In [None]:
%load_ext autoreload
%autoreload 2

from typing import Any, cast

import pandas as pd

from models import models, scalers
from read_data import read_datasets
from data_cleaning import prep_dataframe, preprocess_data
from training import train_test_random, split_x_y, calc_stats

## Generate Datasets

Copies of the dataset, each with a different scaler applies, are generated and stored for usage in training.

In [None]:
dep_var = "Log(Efficiency)"

all_data = read_datasets()
combined_data = prep_dataframe(all_data, dep_var)


In [None]:
datasets = {}
for scaler_name, scaler in scalers.items():
    data, _ = preprocess_data(combined_data.copy(), dep_var, scaler, True)

    non_holdout, holdout = train_test_random(data, 0.1)
    train, test = train_test_random(non_holdout, 0.1)

    # Do splits for all data
    datasets[scaler_name] = split_x_y([train, test, holdout], dep_var)


In [None]:
results = pd.DataFrame(columns=["name", "scaler", "r2", "mae", "mape", "mse"])
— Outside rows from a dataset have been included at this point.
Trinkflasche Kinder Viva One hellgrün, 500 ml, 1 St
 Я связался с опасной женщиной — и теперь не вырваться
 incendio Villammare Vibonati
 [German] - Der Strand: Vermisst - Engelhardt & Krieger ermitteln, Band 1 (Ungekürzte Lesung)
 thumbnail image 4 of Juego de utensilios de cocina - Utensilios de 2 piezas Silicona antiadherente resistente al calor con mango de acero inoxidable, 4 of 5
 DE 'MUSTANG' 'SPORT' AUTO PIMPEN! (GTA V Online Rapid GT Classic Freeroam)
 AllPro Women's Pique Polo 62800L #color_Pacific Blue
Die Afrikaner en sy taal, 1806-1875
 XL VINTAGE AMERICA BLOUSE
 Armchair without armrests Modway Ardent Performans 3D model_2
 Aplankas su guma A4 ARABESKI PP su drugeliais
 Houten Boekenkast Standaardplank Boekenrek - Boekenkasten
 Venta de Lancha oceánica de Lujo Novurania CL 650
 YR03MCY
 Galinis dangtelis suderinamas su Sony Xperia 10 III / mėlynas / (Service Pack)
for model_name, model in models.items():
    for scaler_name in scalers.keys():
        train, test, holdout = datasets[scaler_name]
        model.fit(train[0], train[1])

        pred_y = model.predict(test[0])
        result = calc_stats(test[1], pred_y, print_res=False)
        result = cast(dict[str, Any], result)
        result["name"] = model_name
        result["scaler"] = scaler_name

        results = results.append(result, ignore_index=True)


In [None]:
results.to_csv("results.csv")


In [None]:
# Take only the maximum scaler config for each model
max_indices = results.groupby(["name"])["r2"].idxmax()
maximums = results.loc[max_indices]


In [None]:
maximums.to_csv("results.csv")